═════ TASK INPUT ═════

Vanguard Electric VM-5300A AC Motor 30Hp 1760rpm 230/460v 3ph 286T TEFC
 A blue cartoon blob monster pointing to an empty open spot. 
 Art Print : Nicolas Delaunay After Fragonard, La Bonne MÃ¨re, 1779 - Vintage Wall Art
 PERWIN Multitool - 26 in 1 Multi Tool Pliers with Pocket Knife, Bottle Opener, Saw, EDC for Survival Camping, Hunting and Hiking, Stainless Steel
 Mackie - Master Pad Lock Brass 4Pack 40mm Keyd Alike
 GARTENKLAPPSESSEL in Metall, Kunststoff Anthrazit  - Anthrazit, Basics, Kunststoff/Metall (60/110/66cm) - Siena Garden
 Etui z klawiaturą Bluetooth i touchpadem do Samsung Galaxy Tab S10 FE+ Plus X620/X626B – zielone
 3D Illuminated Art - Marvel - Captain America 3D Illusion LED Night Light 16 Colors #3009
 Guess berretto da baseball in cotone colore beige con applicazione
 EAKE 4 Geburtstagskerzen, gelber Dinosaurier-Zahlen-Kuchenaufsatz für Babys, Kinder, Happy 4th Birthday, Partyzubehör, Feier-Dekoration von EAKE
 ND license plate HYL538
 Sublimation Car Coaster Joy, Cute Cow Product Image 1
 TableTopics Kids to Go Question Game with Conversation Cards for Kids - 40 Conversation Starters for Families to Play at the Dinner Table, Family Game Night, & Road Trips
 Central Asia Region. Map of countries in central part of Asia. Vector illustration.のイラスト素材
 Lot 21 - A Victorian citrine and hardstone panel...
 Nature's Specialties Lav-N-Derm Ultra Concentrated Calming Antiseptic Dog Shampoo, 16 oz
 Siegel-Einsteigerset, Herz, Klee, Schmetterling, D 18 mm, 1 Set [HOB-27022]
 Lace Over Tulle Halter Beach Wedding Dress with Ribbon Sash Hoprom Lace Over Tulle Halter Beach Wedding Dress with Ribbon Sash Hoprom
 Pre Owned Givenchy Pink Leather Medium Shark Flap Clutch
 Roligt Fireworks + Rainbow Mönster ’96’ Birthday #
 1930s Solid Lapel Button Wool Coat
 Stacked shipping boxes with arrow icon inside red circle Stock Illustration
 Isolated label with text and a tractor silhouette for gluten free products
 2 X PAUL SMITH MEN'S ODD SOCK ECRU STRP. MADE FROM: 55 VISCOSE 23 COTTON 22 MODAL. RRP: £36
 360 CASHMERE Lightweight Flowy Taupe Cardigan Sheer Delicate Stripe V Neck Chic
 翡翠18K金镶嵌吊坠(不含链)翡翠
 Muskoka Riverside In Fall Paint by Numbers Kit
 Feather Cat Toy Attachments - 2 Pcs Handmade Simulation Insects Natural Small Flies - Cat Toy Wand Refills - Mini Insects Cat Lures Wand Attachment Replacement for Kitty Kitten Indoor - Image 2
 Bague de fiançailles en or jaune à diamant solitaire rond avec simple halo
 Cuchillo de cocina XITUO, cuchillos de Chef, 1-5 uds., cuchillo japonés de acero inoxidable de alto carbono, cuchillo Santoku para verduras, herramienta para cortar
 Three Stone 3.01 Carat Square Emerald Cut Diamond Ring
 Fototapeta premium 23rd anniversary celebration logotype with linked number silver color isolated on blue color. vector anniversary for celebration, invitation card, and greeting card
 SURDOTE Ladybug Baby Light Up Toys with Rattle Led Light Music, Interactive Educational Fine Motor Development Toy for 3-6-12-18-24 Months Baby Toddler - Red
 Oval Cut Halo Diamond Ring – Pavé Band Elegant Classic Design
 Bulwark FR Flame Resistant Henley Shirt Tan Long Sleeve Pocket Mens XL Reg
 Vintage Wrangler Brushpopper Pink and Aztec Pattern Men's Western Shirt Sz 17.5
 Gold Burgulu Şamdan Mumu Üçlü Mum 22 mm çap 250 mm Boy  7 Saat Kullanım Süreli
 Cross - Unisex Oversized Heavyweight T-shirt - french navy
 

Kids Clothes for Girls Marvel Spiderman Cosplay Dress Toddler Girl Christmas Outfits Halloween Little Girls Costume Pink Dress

═════

- WORK INSTRUCTIONS
Word for word, quote the lines from the line containing "Siegel-Einsteigerset, Herz, Klee, Schmetterling, D" through the end of the material, both included, and nothing else.

- EXERCISE ANSWER
 Siegel-Einsteigerset, Herz, Klee, Schmetterling, D 18 mm, 1 Set [HOB-27022]
 Lace Over Tulle Halter Beach Wedding Dress with Ribbon Sash Hoprom Lace Over Tulle Halter Beach Wedding Dress with Ribbon Sash Hoprom
 Pre Owned Givenchy Pink Leather Medium Shark Flap Clutch
 Roligt Fireworks + Rainbow Mönster ’96’ Birthday #
 1930s Solid Lapel Button Wool Coat
 Stacked shipping boxes with arrow icon inside red circle Stock Illustration
 Isolated label with text and a tractor silhouette for gluten free products
 2 X PAUL SMITH MEN'S ODD SOCK ECRU STRP. MADE FROM: 55 VISCOSE 23 COTTON 22 MODAL. RRP: £36
 360 CASHMERE Lightweight Flowy Taupe Cardigan Sheer Delicate Stripe V Neck Chic
 翡翠18K金镶嵌吊坠(不含链)翡翠
 Muskoka Riverside In Fall Paint by Numbers Kit
 Feather Cat Toy Attachments - 2 Pcs Handmade Simulation Insects Natural Small Flies - Cat Toy Wand Refills - Mini Insects Cat Lures Wand Attachment Replacement for Kitty Kitten Indoor - Image 2
 Bague de fiançailles en or jaune à diamant solitaire rond avec simple halo
 Cuchillo de cocina XITUO, cuchillos de Chef, 1-5 uds., cuchillo japonés de acero inoxidable de alto carbono, cuchillo Santoku para verduras, herramienta para cortar
 Three Stone 3.01 Carat Square Emerald Cut Diamond Ring
 Fototapeta premium 23rd anniversary celebration logotype with linked number silver color isolated on blue color. vector anniversary for celebration, invitation card, and greeting card
 SURDOTE Ladybug Baby Light Up Toys with Rattle Led Light Music, Interactive Educational Fine Motor Development Toy for 3-6-12-18-24 Months Baby Toddler - Red
 Oval Cut Halo Diamond Ring – Pavé Band Elegant Classic Design
 Bulwark FR Flame Resistant Henley Shirt Tan Long Sleeve Pocket Mens XL Reg
 Vintage Wrangler Brushpopper Pink and Aztec Pattern Men's Western Shirt Sz 17.5
 Gold Burgulu Şamdan Mumu Üçlü Mum 22 mm çap 250 mm Boy  7 Saat Kullanım Süreli
 Cross - Unisex Oversized Heavyweight T-shirt - french navy
 

Kids Clothes for Girls Marvel Spiderman Cosplay Dress Toddler Girl Christmas Outfits Halloween Little Girls Costume Pink Dress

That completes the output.